Article 15 of the Constitution states that “All public officials are servants of the whole community and not of any group thereof,” and restricts both national and local public servants from conducting political activities.
Local public servants, in particular, play a key role in conducting administrative work related to elections and have many opportunities to come into contact with candidates and their campaign officials. They should keep the notice in mind.
In the House of Representatives election in October last year, a deputy governor of Yamaguchi Prefecture resigned after receiving a summary order to pay a fine for taking advantage of his position as a public servant in violation of the Public Offices Election Law. He is alleged to have used his subordinates to solicit prefectural government officials to become members of a supporter group of Foreign Minister Yoshimasa Hayashi, who holds the Yamaguchi Constituency No. 3 seat in the lower house.
Two senior officials of the Yamaguchi municipal government also received similar summary orders. The prefectural and municipal governments are conducting training sessions on legal compliance to prevent the recurrence of similar incidents.
A senior official of Tokyo’s Toshima Ward government faced a summary indictment on charges of violating the Political Funds Control Law as he allegedly asked subordinates to participate in a political fundraising party held by a former Tokyo Metropolitan Assembly member in June 2021.
According to the ward government’s investigation, the senior official said there was a lack of understanding of the law and a lack of awareness of the duty of political neutrality among public servants.
It is understandable that public servants need to build amicable relationships with politicians in order to carry out their duties smoothly. However, publicly supporting a particular political party or politician crosses a line in terms of political neutrality.

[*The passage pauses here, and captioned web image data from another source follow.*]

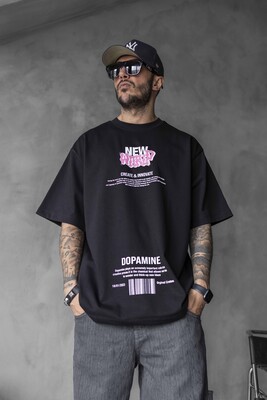 NEW WORLD PRINTED T-SHIRT BLACK 1700 - Thumbnail (2)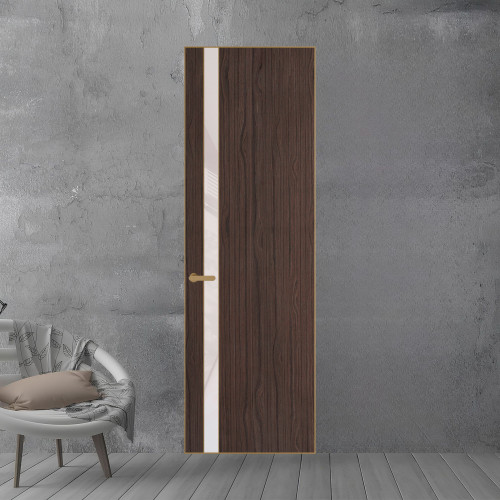 18 VE-V натуральный шпон Espresso 360M профиль Золото вставка Светло-серый лак ProfilDoors Orange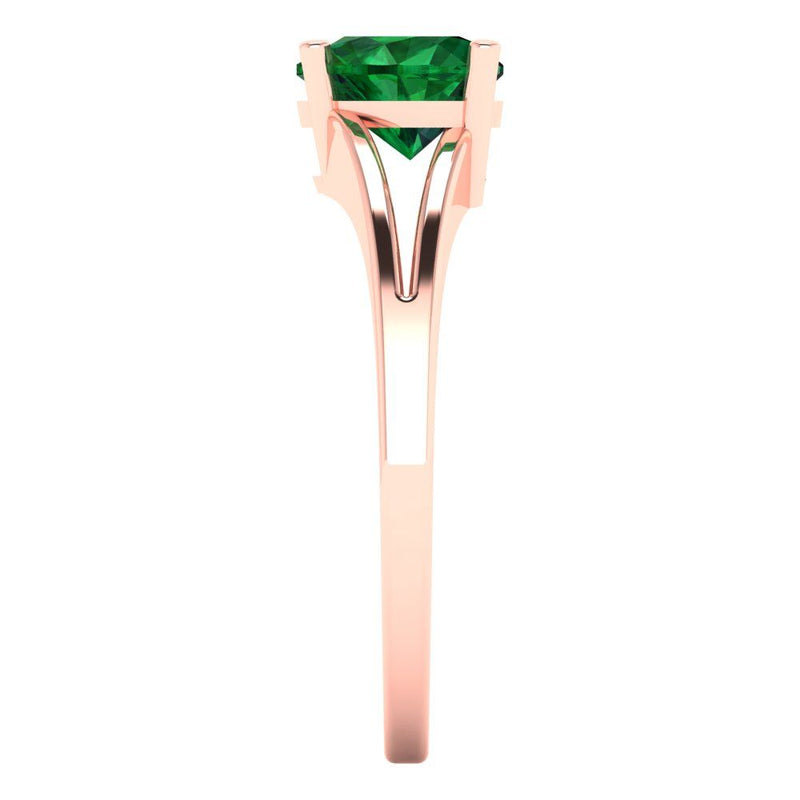 1.0 ct Brilliant Heart Cut Simulated Emerald Stone Rose Gold Solitaire Ring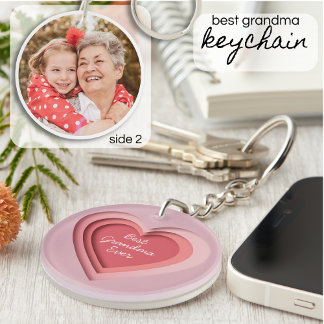 Best Grandma Ever Custom Photo Heart Sleutelhanger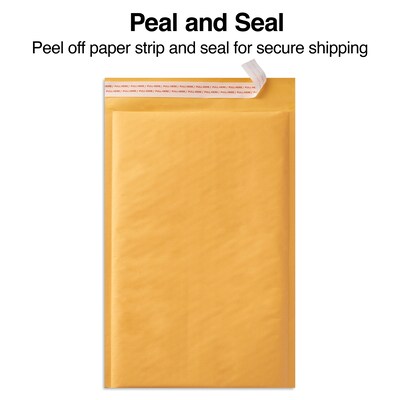 Staples 11.25" x 15" Self-Sealing Bubble Mailer, #5, Kraft, 100/Pack (ST56638)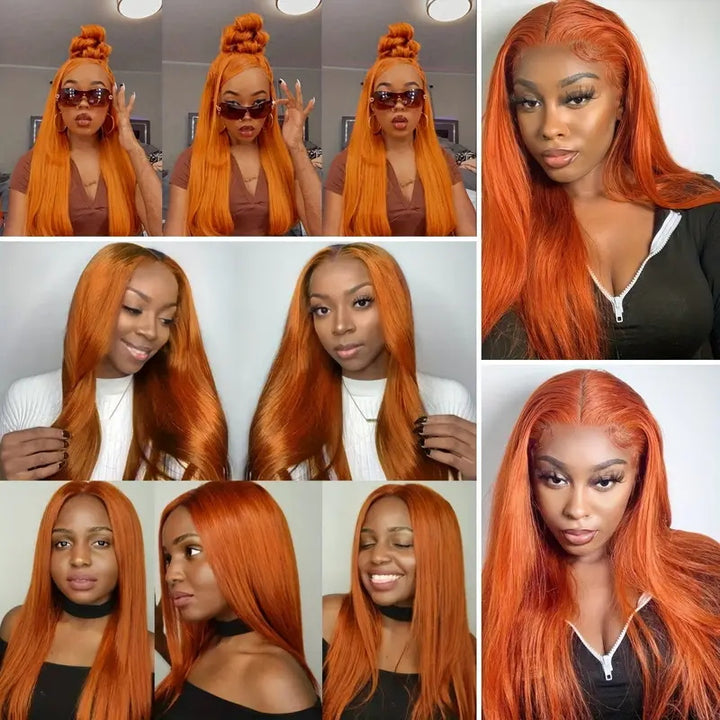 Ginger Orange Color Brazilian Straight 3 Bundles With 4*4 HD Lace Closure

One of the reasons public servants continue to be involved in scandals may be their long-standing back-scratching relations with politicians, which has numbed their sense of morality.
Senior public servants have a responsibility to take the initiative in complying with laws and regulations and eliminating the influence of politicians and candidates. Public servants, including rank-and-file officials, must not take advantage of their positions to show favoritism.
In the last lower house election, there were 296 cases of administrative errors made by local governments. This was the highest number in a national election since the 1995 upper house poll, according to records kept by the internal affairs ministry. Even though the errors were not intentional, such mishaps could shake the legitimacy of elections, which are the foundation of democracy.
The tasks involved in an election range widely from setting up polling stations to securing staff, preparing and distributing ballots and election bulletins, and counting the ballots.
The upper house election is more complicated than the lower house election in that voters can write either the name of a political party or a candidate on their ballots in the proportional representation section. It is hoped that all possible arrangements will be made for the upcoming upper house election.